Mitsubishi Motors UK has signed a deal with network operator Vanco which will allow its 140 UK dealers to cut network costs by up to 50%. The network upgrade signals a move by the company from a per-call to a fixed-cost communications strategy.
The new network will use virtual private network technology - which provides an encrypted tunnel across the public internet - with Multi Protocol Label Switching (MPLS) to prioritise Citrix and Microsoft Exchange traffic. It will enable Mitsubishi's voice and data networks to be merged.
Mitsubishi was able to gain the savings by taking advantage of Vanco's position as a virtual network operator.
Virtual network operators are not tied to their own network infrastructure. With the buying power to achieve discounts from suppliers, they can offer a mix of networks and technologies that others cannot.
Mitsubishi Motors UK IT manager Dave Berwick said high costs and the inflexibility of the existing network forced the change.
"The costs we were incurring were significant and we needed to prioritise traffic from the dealers to the core ordering system.," he said. "Also, faults on the network were being spotted by the end-user before the supplier notified us of them.
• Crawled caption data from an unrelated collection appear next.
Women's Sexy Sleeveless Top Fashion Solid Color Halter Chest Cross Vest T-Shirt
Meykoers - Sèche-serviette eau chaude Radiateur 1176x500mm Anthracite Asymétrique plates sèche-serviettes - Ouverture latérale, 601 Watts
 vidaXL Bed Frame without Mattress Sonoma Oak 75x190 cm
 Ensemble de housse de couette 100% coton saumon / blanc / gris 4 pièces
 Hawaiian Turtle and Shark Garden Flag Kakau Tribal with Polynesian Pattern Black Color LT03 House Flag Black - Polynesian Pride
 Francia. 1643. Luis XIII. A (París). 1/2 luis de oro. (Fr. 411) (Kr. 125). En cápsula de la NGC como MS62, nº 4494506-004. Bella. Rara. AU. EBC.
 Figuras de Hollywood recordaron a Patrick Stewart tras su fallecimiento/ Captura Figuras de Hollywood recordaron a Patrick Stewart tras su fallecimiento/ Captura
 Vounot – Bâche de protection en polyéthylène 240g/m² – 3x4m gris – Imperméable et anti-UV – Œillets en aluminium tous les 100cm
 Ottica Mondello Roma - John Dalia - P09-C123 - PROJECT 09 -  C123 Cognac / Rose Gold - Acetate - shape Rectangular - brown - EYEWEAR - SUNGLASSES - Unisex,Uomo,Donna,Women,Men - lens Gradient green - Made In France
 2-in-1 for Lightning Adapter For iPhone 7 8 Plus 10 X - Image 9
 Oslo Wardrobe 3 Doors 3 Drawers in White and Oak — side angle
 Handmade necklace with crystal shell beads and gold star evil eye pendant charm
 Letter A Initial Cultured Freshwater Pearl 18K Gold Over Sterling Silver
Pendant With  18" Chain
"We had a list of five potential suppliers. With Vanco we were able to take advantage of the option to link up with factories in Holland and Japan."
Mitsubishi's previous dealer network used ISDN, and average annual network costs for the UK were about £600,000. The Vanco deal will see the company supplied with a mixture of ADSL and ISDN with no call charges, bringing savings of between 35% and 50%.
The network technology mix will comprise ADSL, ISDN and dual ADSL/ISDN for those dealers that need near real-time access. Vanco is contracted to pick up 70% of network faults before Mitsubishi staff.
The new network is expected to go live before Christmas.
What is MPLS?
Multi Protocol Label Switching is a standard for routing data packets over an IP network using labels, or tags, that contain forwarding information to ensure prioritisation of traffic.
MPLS can ensure that all packets in a particular data flow take the same route over a backbone and deliver the quality of service required to support real-time voice and video as well as service level agreements that guarantee bandwidth.
MPLS tags are attached to IP packets by a router sitting at the edge of the network, which analyses and classifies each packet and sets the tags that decide its priority.
It does this only once before the packet enters the core of the network, where routers within the core, known as label switch routers, can examine it quickly and send it on without having to make any forwarding decisions.